This task is often performed by nursing staff who may be very experienced. Doctors are often asked to help when insertion is proving difficult.
1. Get the patient’s consent—if they refuse, come back later. They may well have just had several uncomfortable failed attempts. It is rarely appropriate to perform against the wishes of the patient
2. Have the patient sitting upright with the chin tucked forward (patients often hyperextend their neck which makes it harder). Draw the curtains (this can be an unpleasant procedure to have done or to watch)
3. Leave the guide wire in the tube and lubricate with lots of jelly
4. Feed the tube down one nostril about 20cm (until it hits the back of the throat). In stroke, start with the inattentive side, as it may be better tolerated
5. If there is a proximal obstruction, try the other nostril
6. If possible, ask the patient to swallow and advance the wire
7. Check the back of the throat carefully—you should be able to see a single wire going vertically down. Start again if there is a loop
8. Secure the tube yourself immediately with tape to both the nose and cheek
Once you believe the tube is in place, you need to check it is in the stomach by one or both of the following methods BEFORE you use the tube.
• Aspiration of gastric contents that are clearly acidic (pH <5)
• CXR is used if there is no aspirate or the pH is equivocal. If you leave the guide wire in, the tube shows more easily. The tip of the tube should be clearly below the diaphragm
The method of blowing air down the tube and listening for bubbles has now been discredited, as a bubbling sound can be generated due to saliva and pulmonary secretions.
Feeding is a highly emotive issue. It is seen by many (especially relatives) as a basic need, and hence failing to provide adequate nutrition is seen as a form of neglect or even euthanasia. In contrast, others feel that artificial enteral feeding is a cruel and futile treatment performed on incompetent patients that only postpones a ‘natural’ death that involves anorexia or dysphagia.
The use of the term ‘clinically assisted nutrition and hydration’ has been suggested by the General Medical Council (UK) to replace the term ‘artificial nutrition and hydration’ underlining the fact that this is a form of treatment.
There are numerous high-profile legal cases regarding feeding (usually withdrawal of), and controversial cases that cannot be resolved locally should always be referred to the courts via the local legal team.
► The key to steering a course through this minefield is communication.
• Establish if the patient is competent—even dysphasic patients may understand a little with non-verbal cues, etc.

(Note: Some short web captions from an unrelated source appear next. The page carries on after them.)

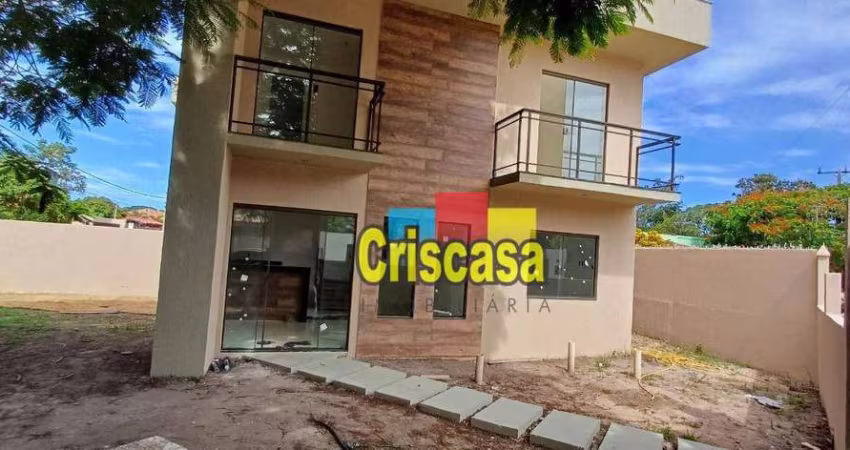 Casa com 3 dormitórios à venda, 130 m² por R$ 450.000,00 - Balneário das Conchas - São Pedro da Aldeia/RJ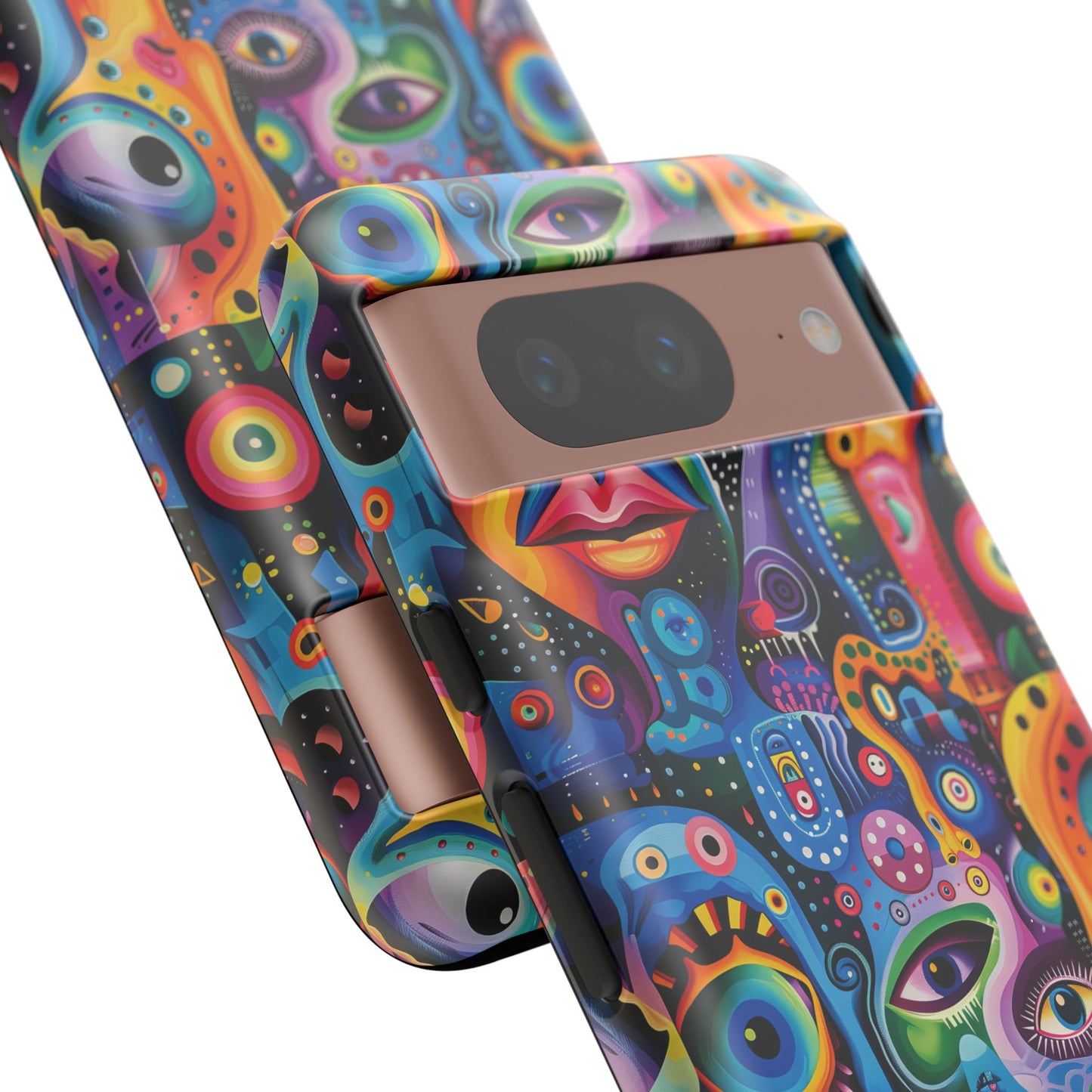 Psychedelic Visions Vibrant Art Google Pixel, iPhone and Samsung Phone Case - Tough Cases for Creative Souls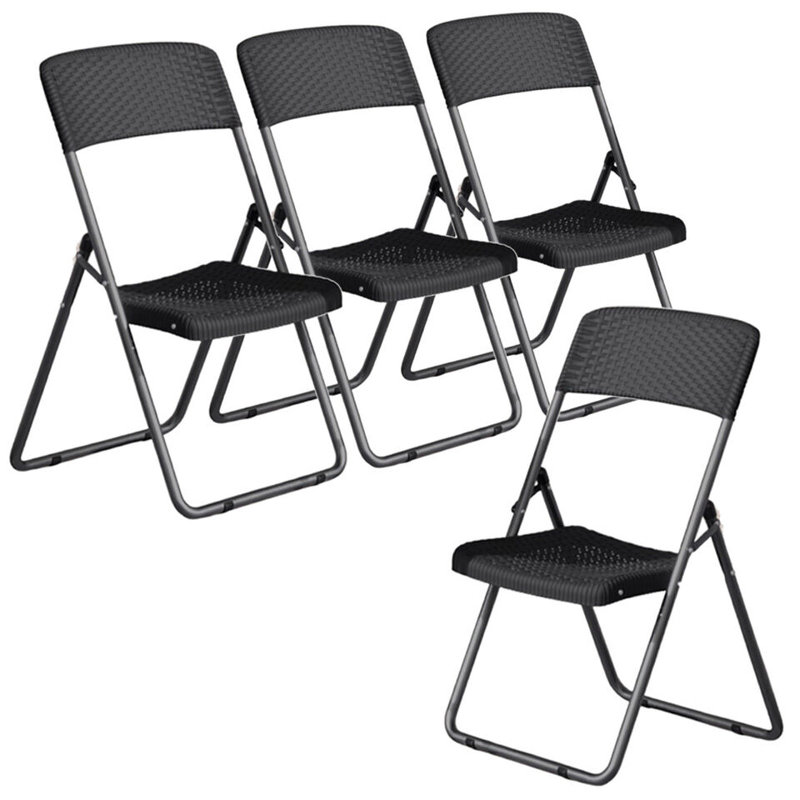 Alyza Metal Stackable Folding Chair Folding Chair Set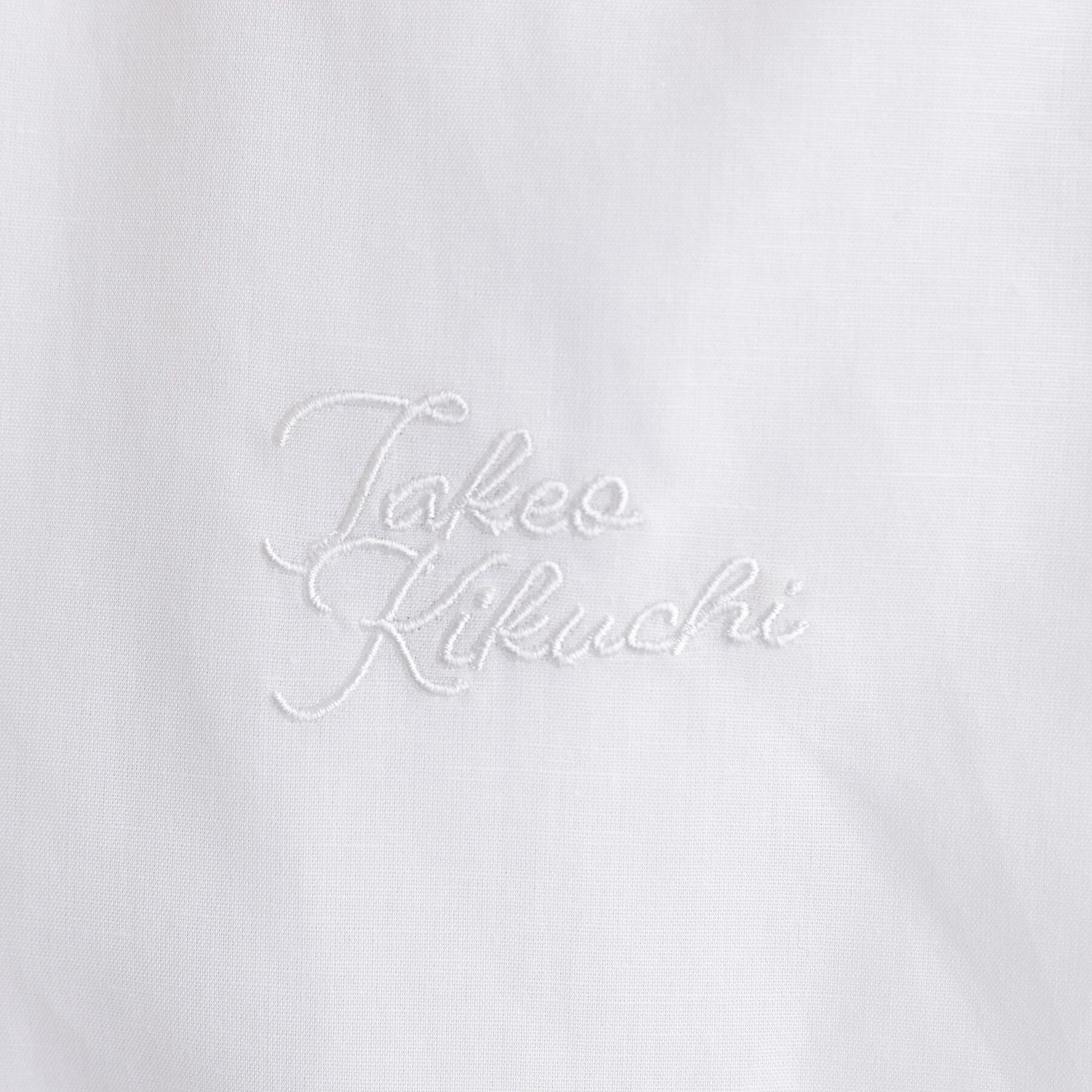 TAKEO KIKUCHI「【LIMITED】ワンポイントロゴ刺繍 綿麻半袖シャツ」|シャツ・ブラウス|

• If the patient has capacity (see ‘Capacity’, pp. 654–655), ensure they understand the chosen method (and its risks) and projected duration of feeding. Patients with dysphagia must realize that they will be expected to dramatically ↓, or stop, oral feeding
• For patients who lack capacity, ensure you have communicated with all interested carers, family, and the GP. There is sometimes disagreement between interested parties, and these are best detected and ‘thrashed out’ early. A case conference is often helpful
• Establish that everyone accepts the indications for feeding and the aims of treatment, and set a date for review, e.g.:
• 2 weeks of NG feeding in a patient with dysphagia following a stroke, which is hoped will resolve
• PEG insertion in a patient with MND and malnutrition with recurrent aspiration pneumonia, to be reviewed if the patient requests or if enters the terminal phase of the disease
• Do not be afraid of a therapeutic trial (e.g. if you do not know whether the patient’s lethargy/drowsiness/depression is related to malnutrition). Always ensure everyone understands and agrees on review dates and criteria for reassessment. Patients/relatives can be reassured that PEG tubes can be removed if improvement occurs
• Record discussions and plan carefully in the medical records
• If there is still dispute, get a second opinion. As a last resort, legal advice may be needed
► Withholding treatment is not morally different to withdrawing it.

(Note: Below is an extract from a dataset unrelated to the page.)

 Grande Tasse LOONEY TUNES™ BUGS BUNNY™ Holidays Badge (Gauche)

There are, however, technical and emotional differences, which is why many more ethical problems arise when withdrawing and why some doctors are resistant to trials of treatment.
Artificial feeding can be withdrawn because:
• It is no longer required (rarely controversial)
• A therapeutic trial has failed (see ‘Initiating treatment’, pp. 358–359; this is sometimes controversial)
• Although feeding is successful, the patient’s quality of life is felt to be unacceptable (nearly always controversial)
• A patient with a long-term feed is dying from another condition (sometimes controversial)
When considering withdrawal of long-term feeding for stable conditions (e.g. persistent vegetative state), decisions should be referred to the courts.
There is also a group of patients who have dysphagia, weight loss, and recurrent aspiration due to progressive neurological conditions such as dementia, who merit special consideration.
It is not always appropriate to aggressively manage such patients, who are frequently incompetent and derive pleasure from eating normally. It may be appropriate to allow the patient to eat, accepting that there is a risk of aspiration. ‘Feeding at risk’ protocols are becoming more common to document the process and improve interface communication.
Adopting such a palliative policy is impossible, unless everyone, including the whole MDT and relatives, understand and sympathize with the aims of management.
General Medical Council. Guidance. http://www.gmc-uk.org.
Royal College of Physicians of London (2010). Oral Feeding Difficulties and Dilemmas. London: Royal College of Physicians of London.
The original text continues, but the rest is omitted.